On one hand, sentimentality won out and the inclusion of Bill Haas and Phil Mickelson on the American side makes for a good story. The former will play for his father, the latter will continue a streak of playing in every Presidents Cup to date.

On the other hand, neither name offers much inspiration beyond warm fuzzy feelings. To his credit, Haas played well enough over the last two seasons to merit a selection on form alone. He finished just outside automatic qualification after posting a win and 10 top-10’s in 2014-15. His father could point to those results as justification for his familial selection.
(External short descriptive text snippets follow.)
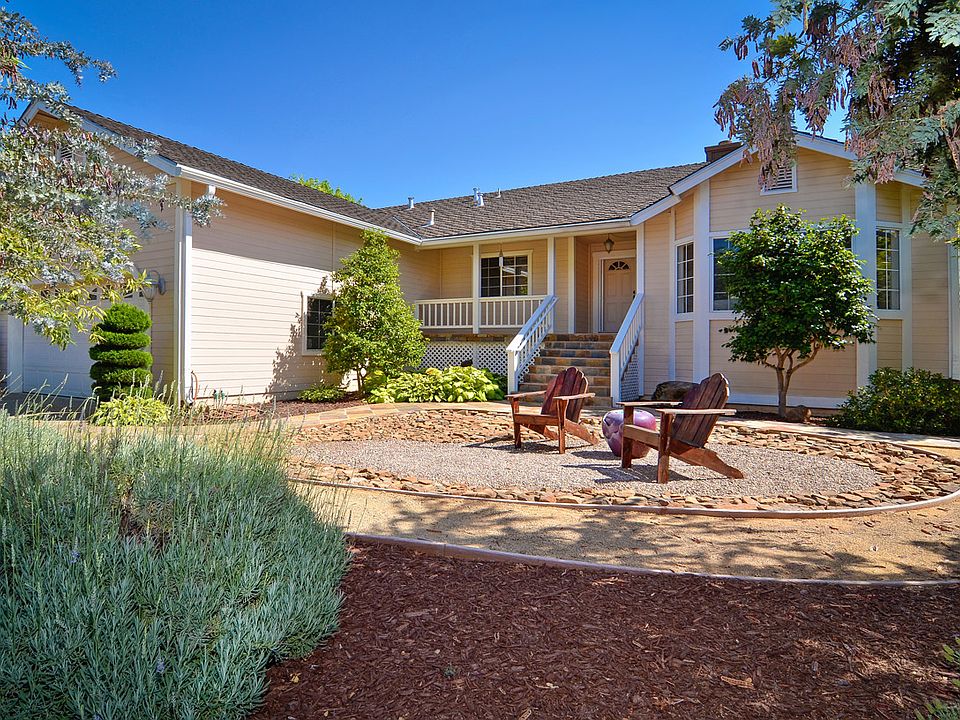 3210 Granada Dr, Cameron Park, CA 95682 Zillow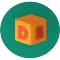 Drift Box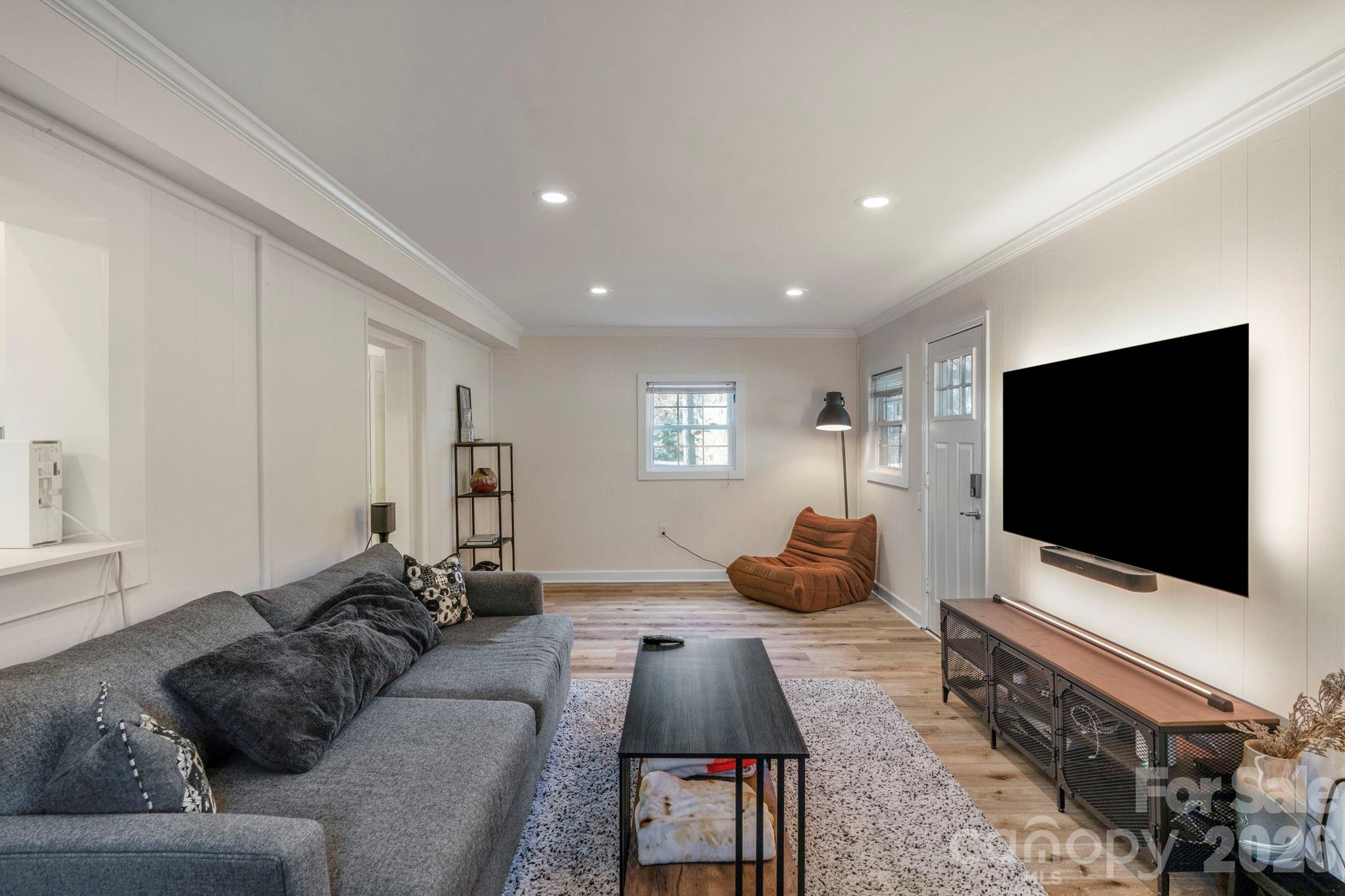 Starmount - Residential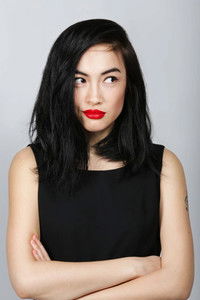 Айнур Ниязова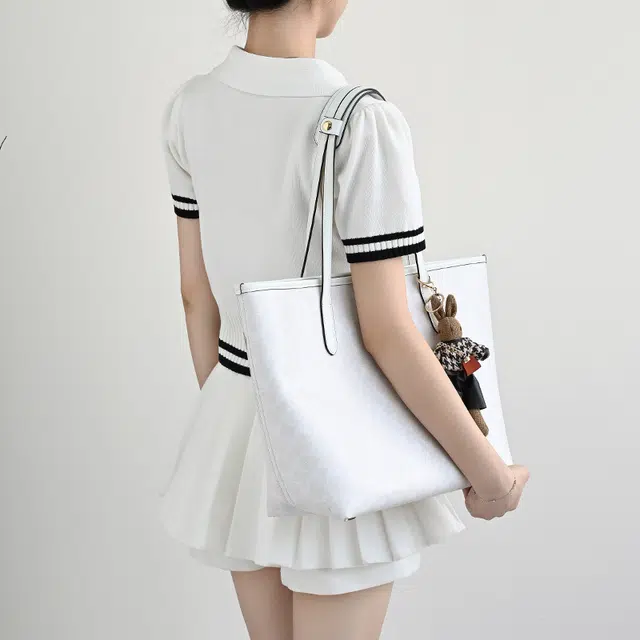 GUYI COACH City33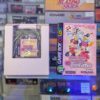 Dance Dance Revolution Disney Mix GameBoy Color JAP, Boxed like new.
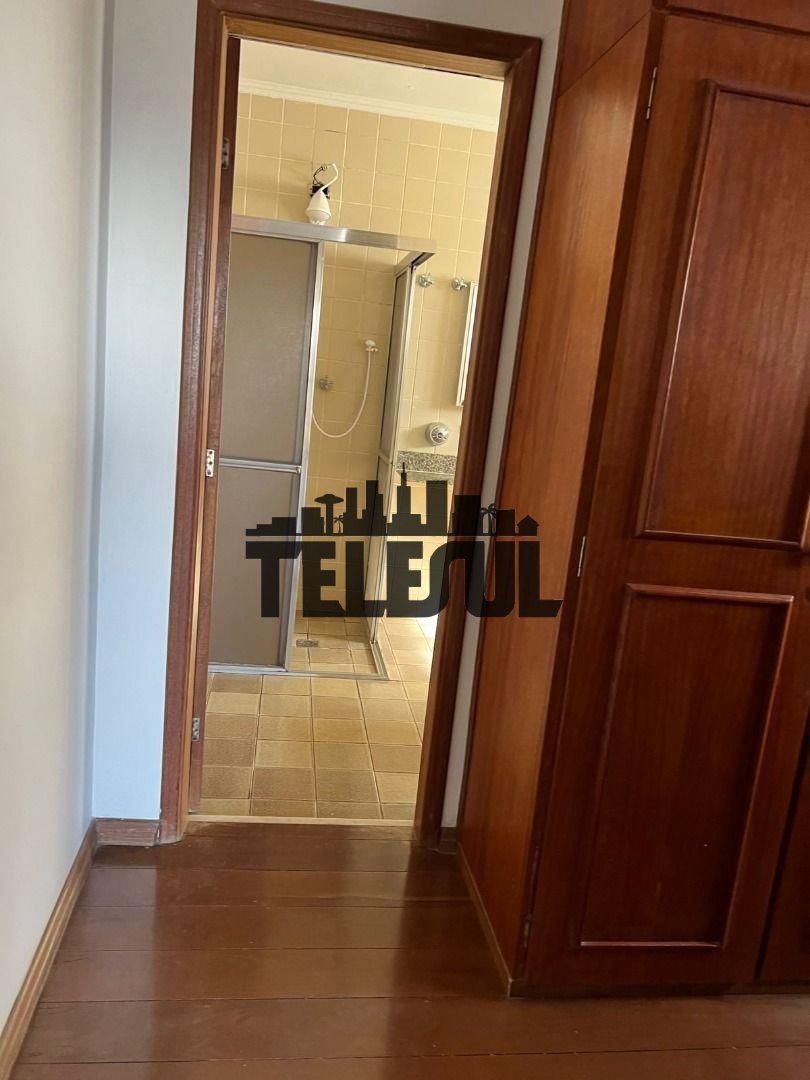 Apartamento, Centro, 3 Quartos, 0 Vaga, 1 Suíte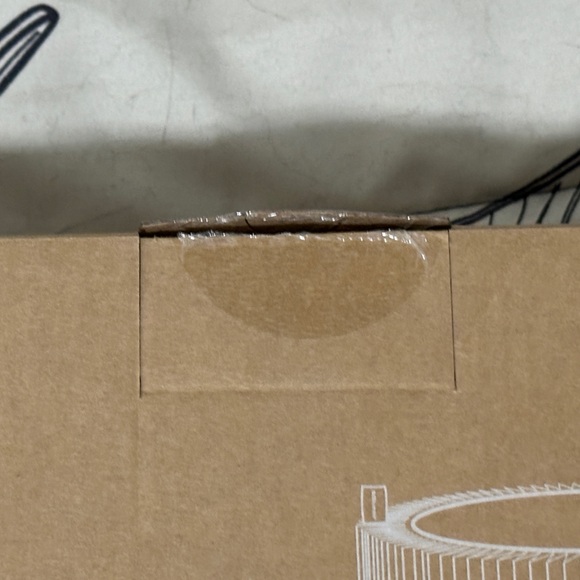 Two Blue Pure 511 Replacement Filters - Picture 5 of 9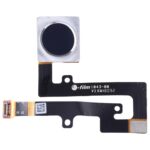 Cable Flex Sensor Huellas Dactilares para Nokia X6 TA-1099 6.1 Plus (Negro) - Imagen 2
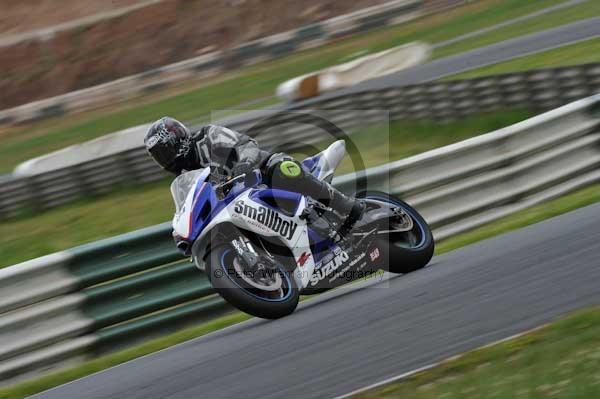 anglesey;brands hatch;cadwell park;croft;donington park;enduro digital images;event digital images;eventdigitalimages;mallory;no limits;oulton park;peter wileman photography;racing digital images;silverstone;snetterton;trackday digital images;trackday photos;vmcc banbury run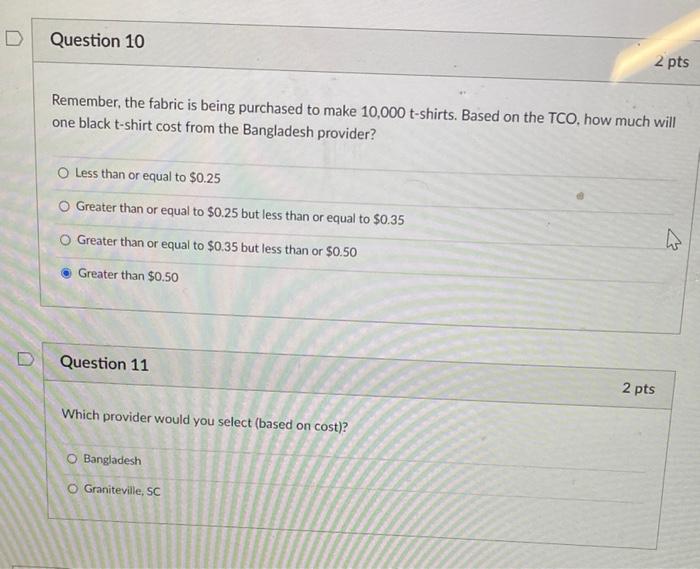 help please, all the question are derived from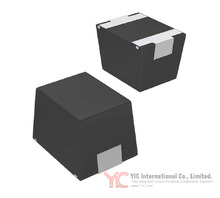 IMC1210BNR27J Image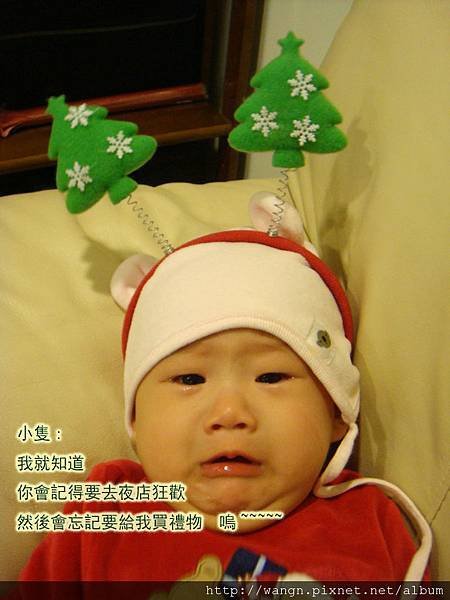 4 拷貝.jpg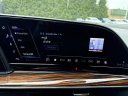 Thumbnail image of 2021 Cadillac Escalade at 7 EM Used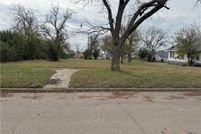 Property for sale in Bell County, Texas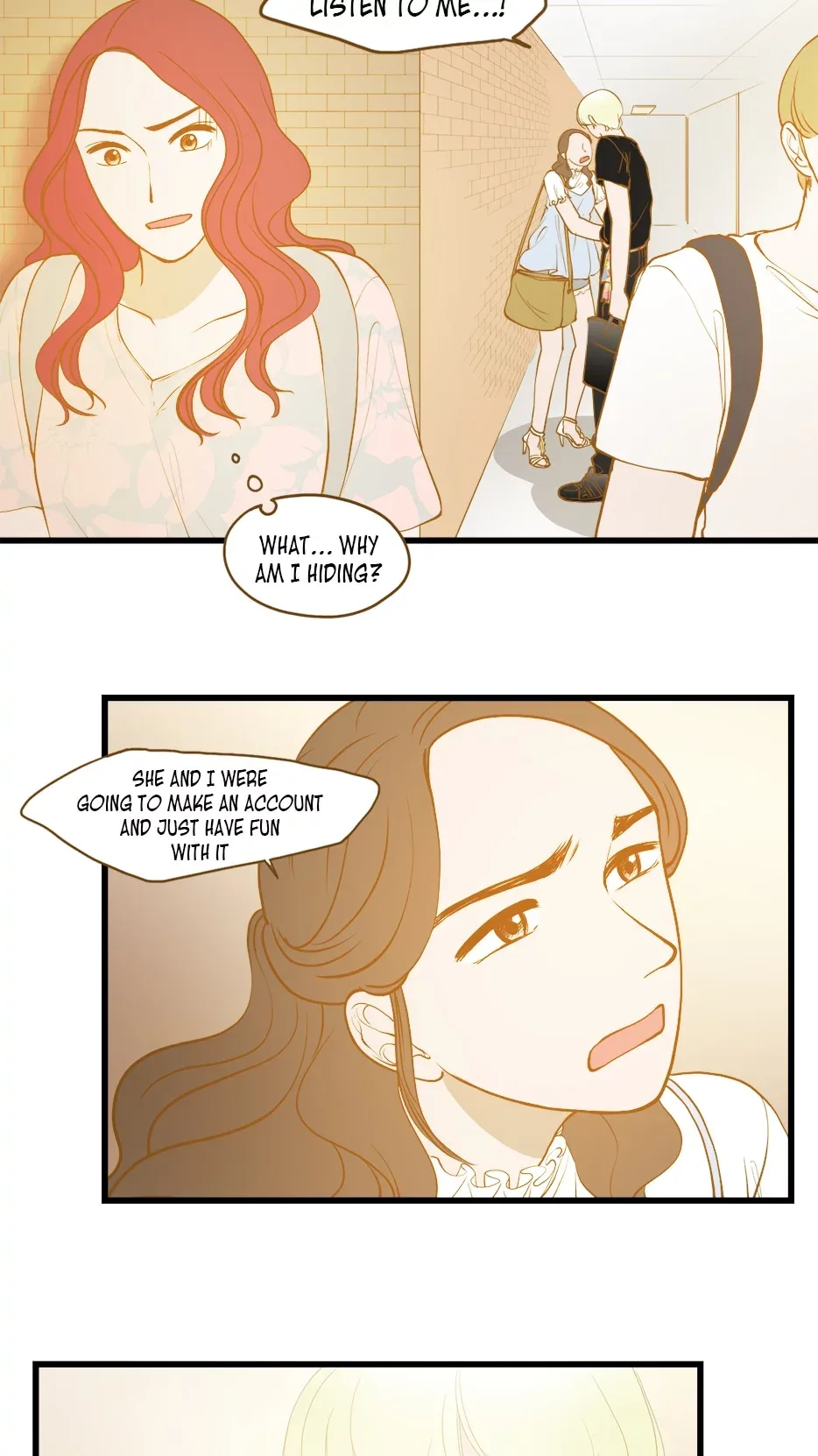 Ming Gi Nyu Chapter 42 page 41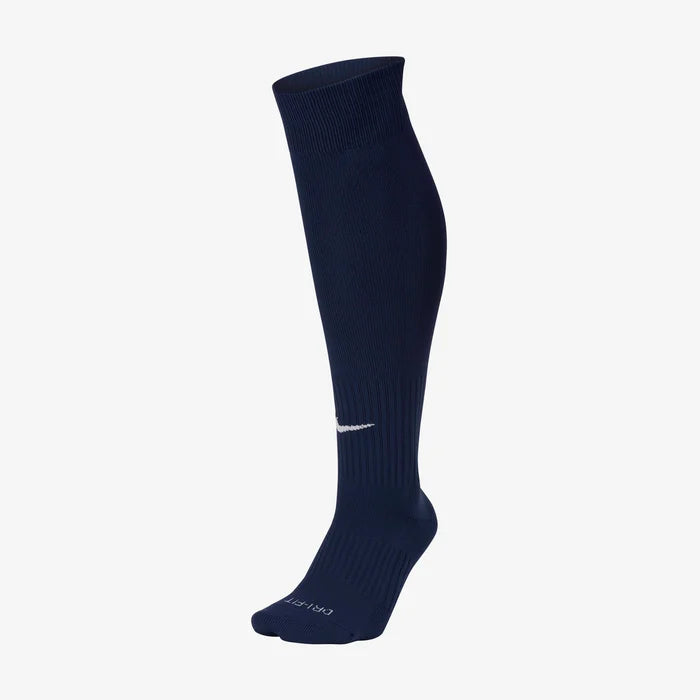 Nike Classic 2 Cushioned Over-the-Calf Socks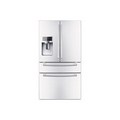 Thumbnail of Samsung RF4287HAWP Refrigerator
The younger Haas is also a veteran of two Presidents Cups.

Although, it should be said, not a very good one. Therein lies the issue in the father-son pick. Haas has posted a poor 3-5-2 record in tournaments the Americans have won 19-15 and 18.5-11.5 respectively.

Also of note: of the seven players who have played in the last two President Cups, Haas is the only one without a Ryder Cup appearance to his name. He ranks 53rd in scoring average this year, 160th in one-putt percentage, and 29th in greens-in-regulation. None of his skills stand out as advantages in the match-play format. Haas is a better-than-average player, maybe even a good player on his best days.

Ask yourself this, though—-had Chris Kirk, who’s won three times in the last two seasons, finished in 11th instead of 10th in the American Presidents Cup standings would he be strongly considered for a captain’s pick? Unlikely. Haas’s point total, on the other hand, fell some 286 behind the Georgia product, Kirk.

Meanwhile, long-bomber JB Holmes and the fiery Billy Horschel, like Haas a FedEx Cup Champion, were each within 144 points of Haas.

Either would have been a more exciting, and frankly, useful choice. Holmes’s driving ability makes him a force in match play and Horschel was a menace on the greens on his way to the 2014 Tour Championship.

Then there’s 25-year-old Brooks Koepka’s whose status on the European Tour a year ago robbed him of much-needed points. All Koepka did in 2015 was win once, finish top-10 eight times (including at both the British Open and PGA Championship) and miss just three cuts. He’ll be a stalwart in American golf for years to come along with contemporaries Rickie Fowler, Patrick Reed and Jordan Spieth.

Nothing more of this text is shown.